= Source material =
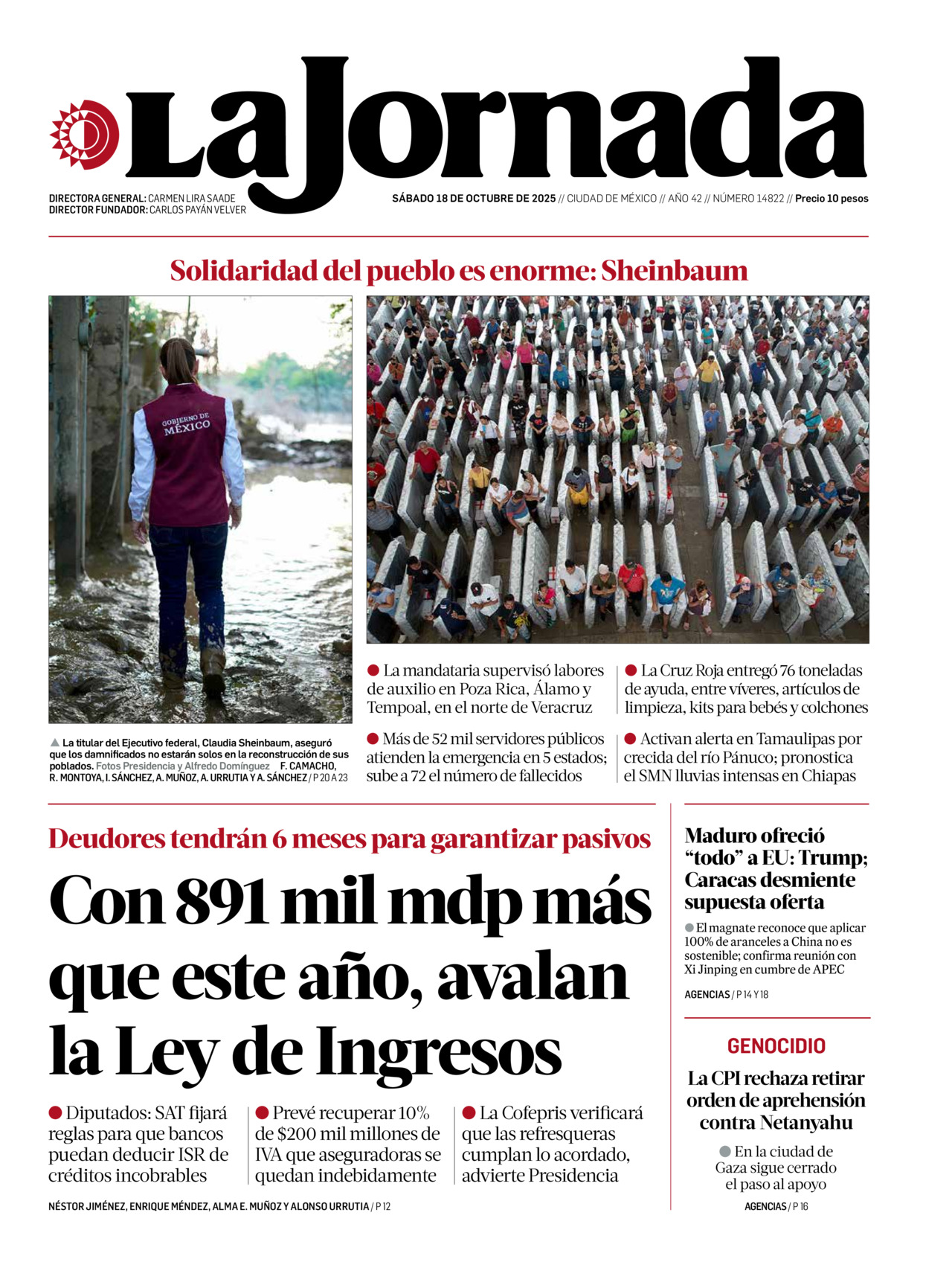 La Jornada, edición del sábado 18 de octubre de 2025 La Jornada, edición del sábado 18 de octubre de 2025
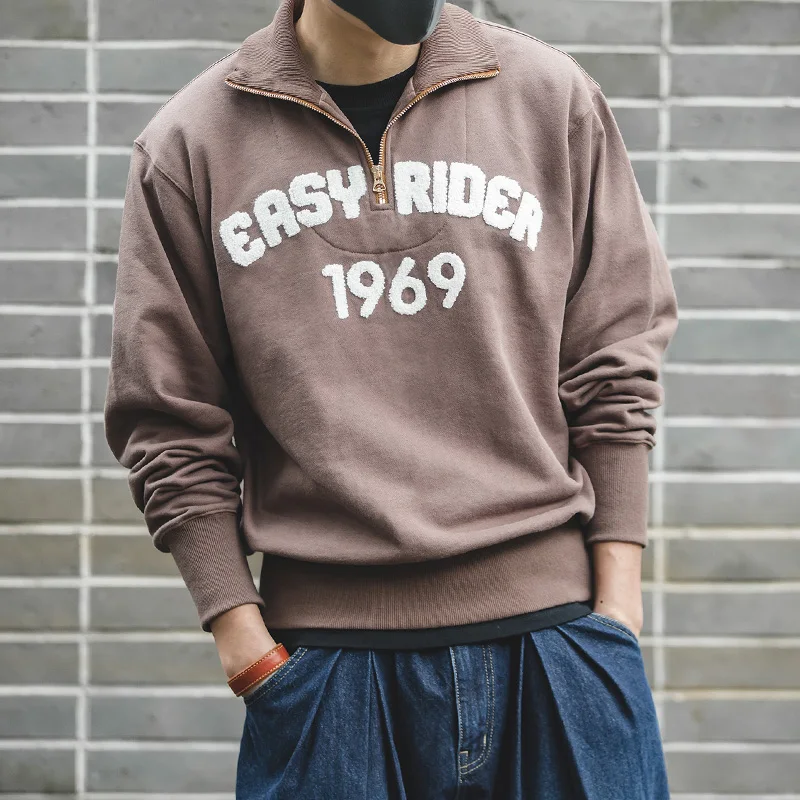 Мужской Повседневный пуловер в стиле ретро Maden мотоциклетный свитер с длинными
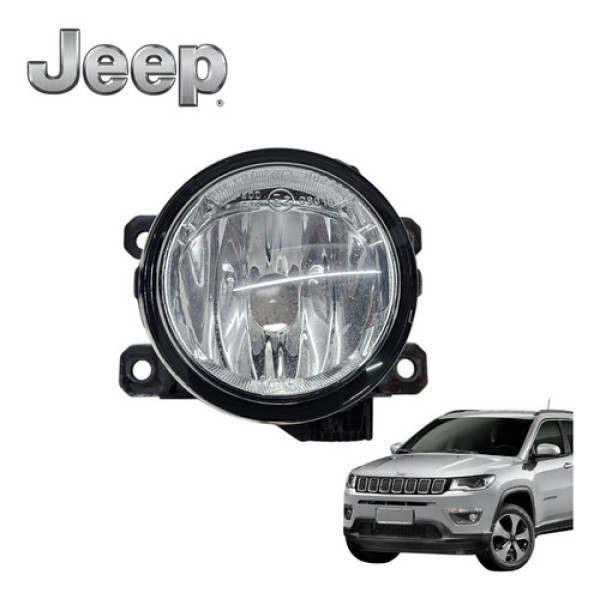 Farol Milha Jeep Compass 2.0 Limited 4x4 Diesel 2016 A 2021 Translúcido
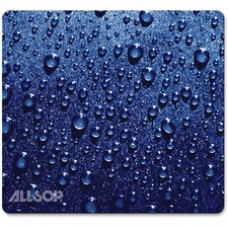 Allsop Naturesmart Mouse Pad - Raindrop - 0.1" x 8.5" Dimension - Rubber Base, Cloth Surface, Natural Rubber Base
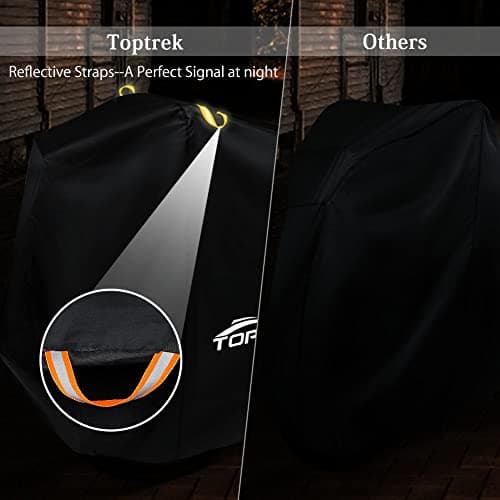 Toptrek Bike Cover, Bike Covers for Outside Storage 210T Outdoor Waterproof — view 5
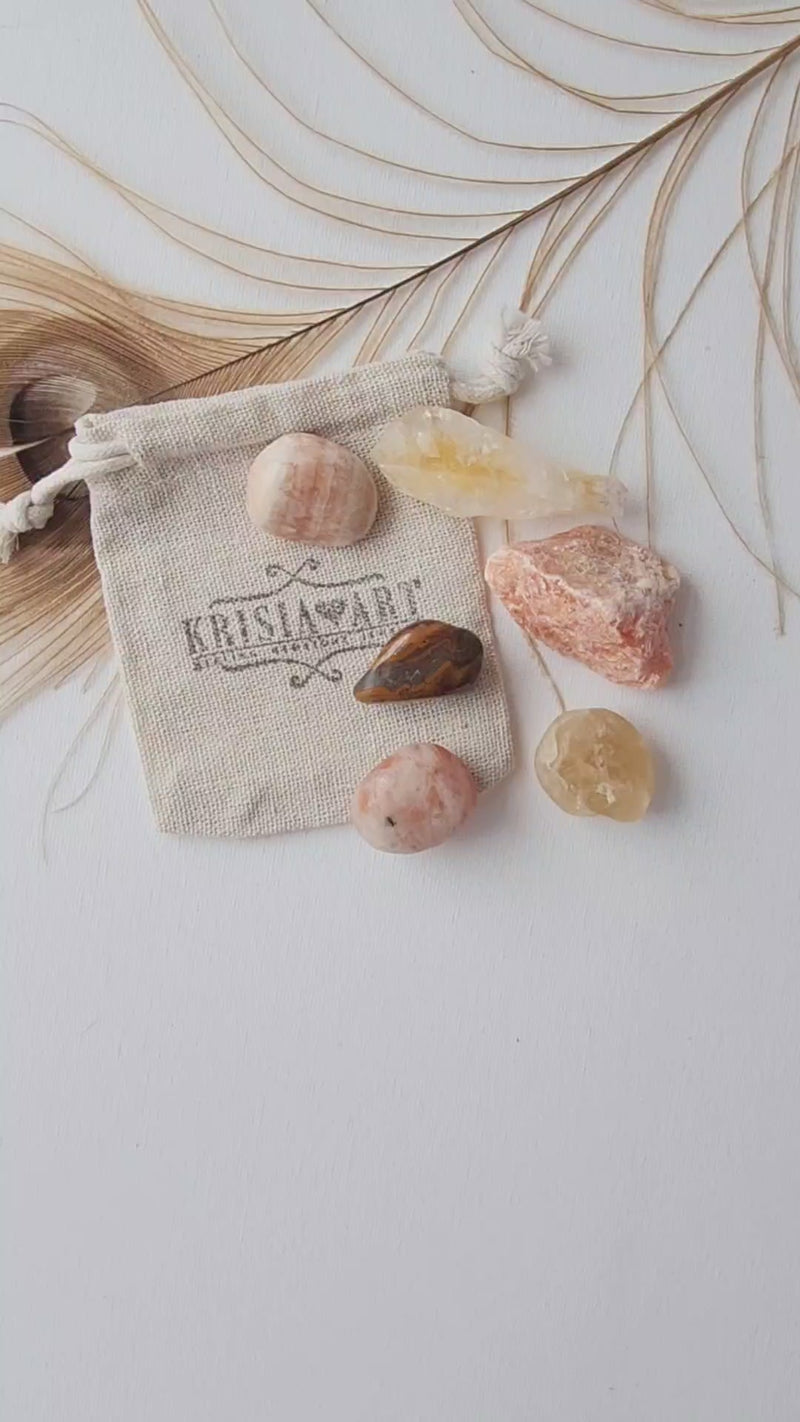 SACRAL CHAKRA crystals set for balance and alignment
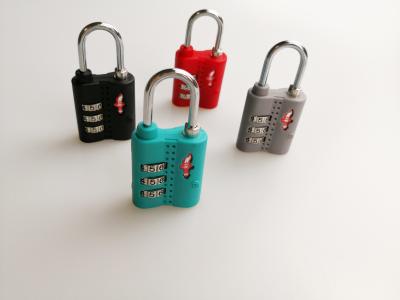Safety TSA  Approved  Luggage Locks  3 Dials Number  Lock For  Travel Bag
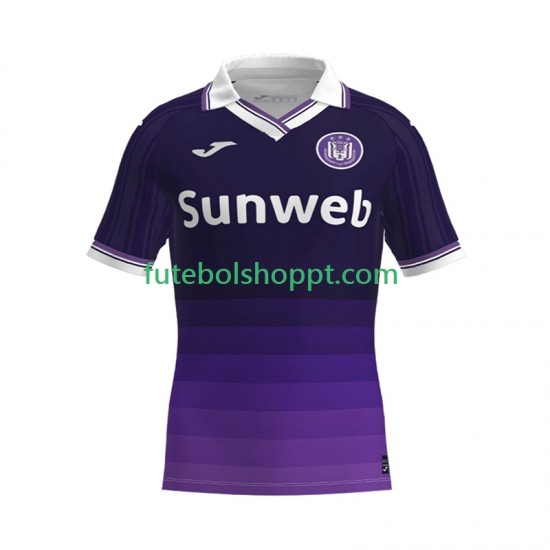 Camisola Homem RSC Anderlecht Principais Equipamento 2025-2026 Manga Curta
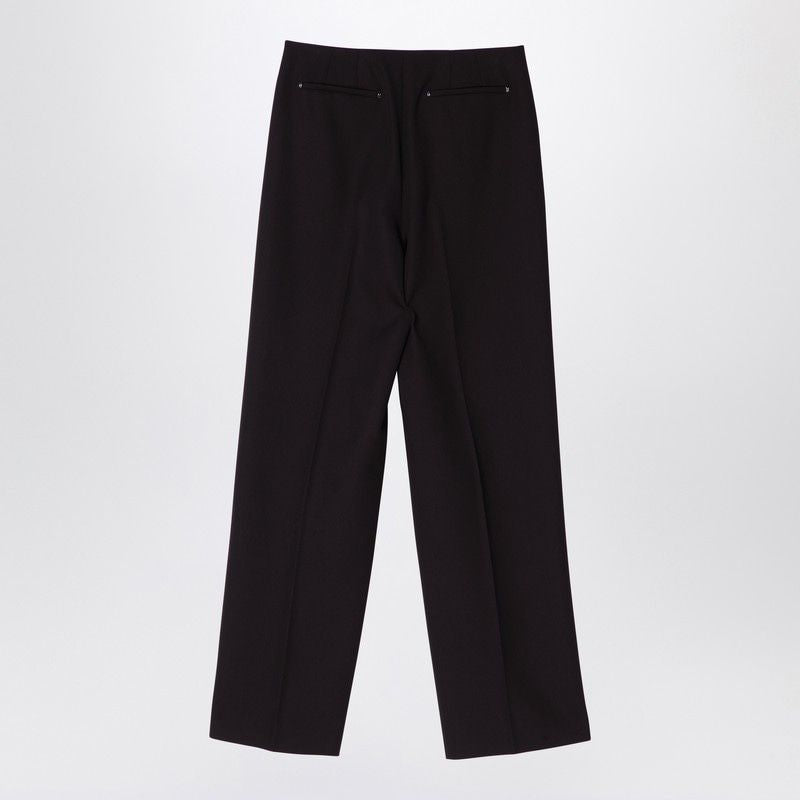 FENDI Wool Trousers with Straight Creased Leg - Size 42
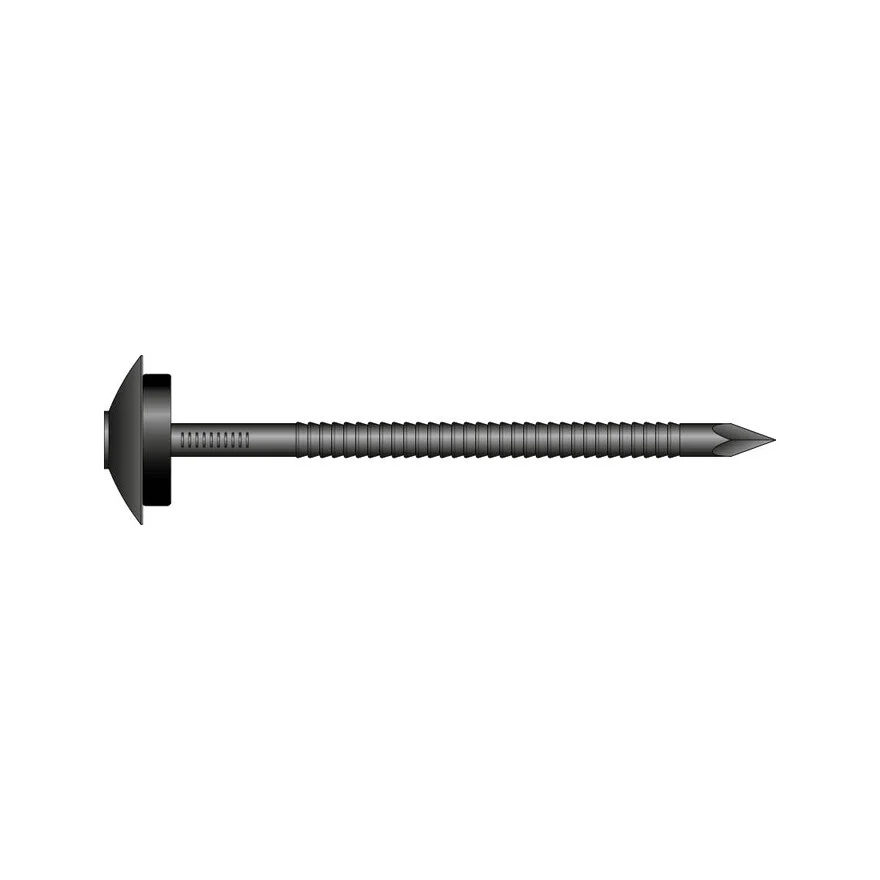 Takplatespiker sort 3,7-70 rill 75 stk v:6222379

= Requirement =
Where the line holding "3 Dials Number" appears, start copying, and continue exactly through the last line of the listing, both ends included, skipping the pictures.

= Answer to this problem =
Safety TSA  Approved  Luggage Locks  3 Dials Number  Lock For  Travel Bag
 Camisola Homem RSC Anderlecht Principais Equipamento 2025-2026 Manga Curta
 FENDI Wool Trousers with Straight Creased Leg - Size 42
 Takplatespiker sort 3,7-70 rill 75 stk v:6222379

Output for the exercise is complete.